In May 2013, the Minnesota legislature passed an Omnibus jobs, economic development, housing, commerce and energy bill which included a rider for the recovery of gas utility infrastructure costs. Under the legislation, a gas utility may submit a gas infrastructure project plan report and a petition for cost recover. Upon receiving those items, the Minnesota Public Utilities Commission may approve a rider provided that the costs included for recovery through the rate schedule are prudently incurred and achieve gas facility improvements at the lowest reasonable and prudent cost to ratepayers. In August of 2014, Xcel Energy said in a recent regulatory filing that it intends to spend $15 million in 2015 on pipeline safety improvements, which is roughly a twofold increase over past levels. In future years, the company envisions even larger safety-related investments, peaking in 2019 at more than $50 million. Should the Minnesota Public Utilities Commission approve the 2015 investment, it would increase customers' bills 3.5 percent in January, about $2 per month for a typical customer, the company said. Future investments could bring more increases, though they would need separate regulatory approval. On January 27, 2015, The Commission approved Xcel’s proposed GUIC rider, rate-adjustment factors, and tariff sheets with the following modifications: o A rate of return calculated using the capital structure and cost of debt from Xcel’s electric rate case, Docket No. E-002/GR-13-868, and the cost of equity from its last natural-gas rate case, Docket No. G-002/GR-09-1153; o A rate design that allocates the 2015 revenue requirement to Xcel’s customer classes in the same manner as revenues were apportioned in the Company’s February 28, 2011 compliance filing in its last natural-gas rate case; and o An effective date of the date of this order, with final rate-adjustment factors calculated to recover the 2015 revenue requirement over the remaining months of 2015. The Commission also determined that sixty days in advance of its next annual GUIC filing, Xcel shall submit information on what it believes the appropriate rate of return should be for the coming year. Lastly, in the initial filing in its next natural-gas rate case, Xcel must submit detailed schedules, any necessary supporting documentation, and an explanation of all O&M costs that were being recovered in the rider and are now included in the test year for recovery in base rates.

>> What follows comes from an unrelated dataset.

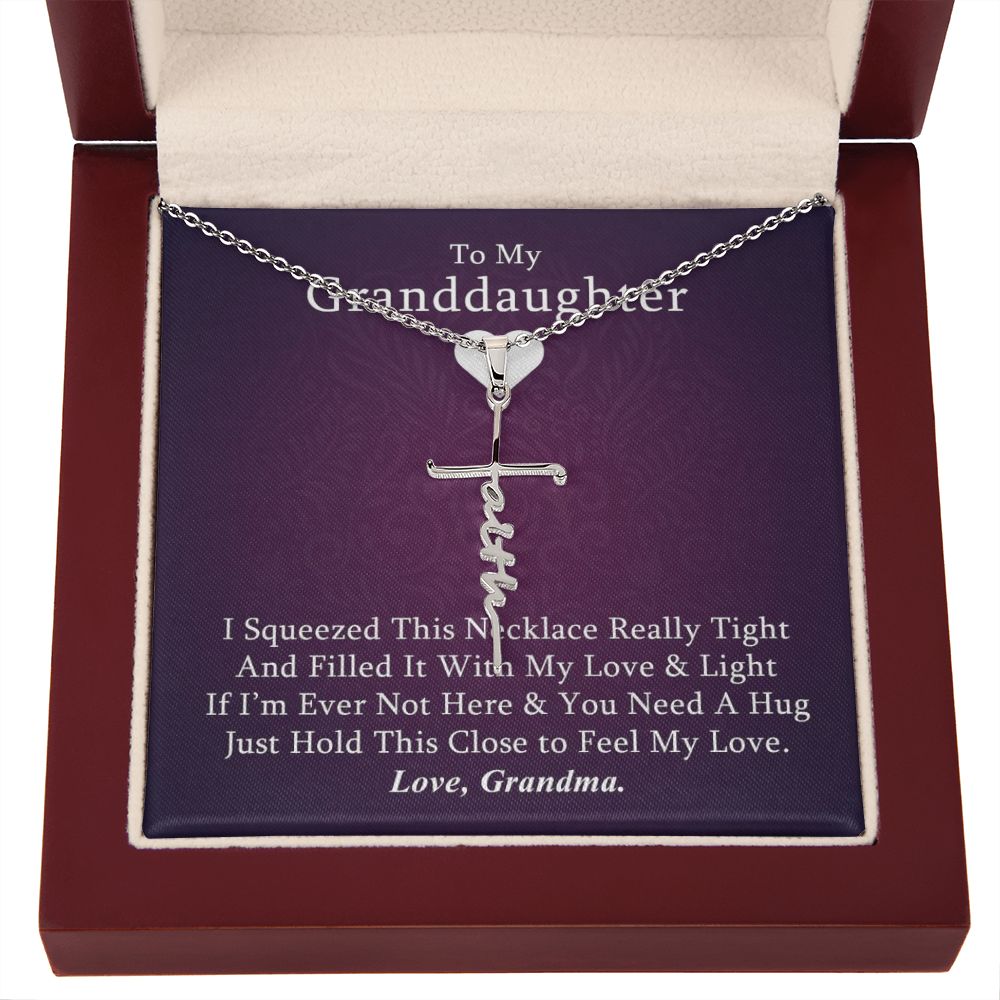 Granddaughter (Love Grandma) Beautiful Stainless Steel and Gold Faith Cross Necklace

CenterPoint energy owns a public CNG station in Minneapolis, MN. WEC Energy Corp. subsidiary Trillium CNG owns and operates stations in Sauk Centre, Duluth, and St. Paul and two stations in Minneapolis. In March of 2015, Representative Pat Garofalo introduced HF 2081, which would require certain public utilities to file plans with the Public Utilities Commission promoting electric and compressed natural gas vehicles and to recover costs of such promotion and provide rebates and incentives to electric and compressed natural gas vehicle purchasers and salespersons.

Minnesota Energy Resources operates under a full decoupling mechanism. On May 8, 2014 The Minnesota Public Utilities Commission (PUC) issued an order in CenterPoint Energy’s (CE) general rate case. In Its decision, the PUC authorized CE to implement a pilot, three-year, full RDM effective July 1, 2015. The RDM is to apply to all customer classes except market-rate customers, subject to a cap on annual adjustments under the mechanism that is equal to 10% of non-gas margin revenue, after removing conservation costs, for decoupling adjustments due to revenue under-recovery by CE.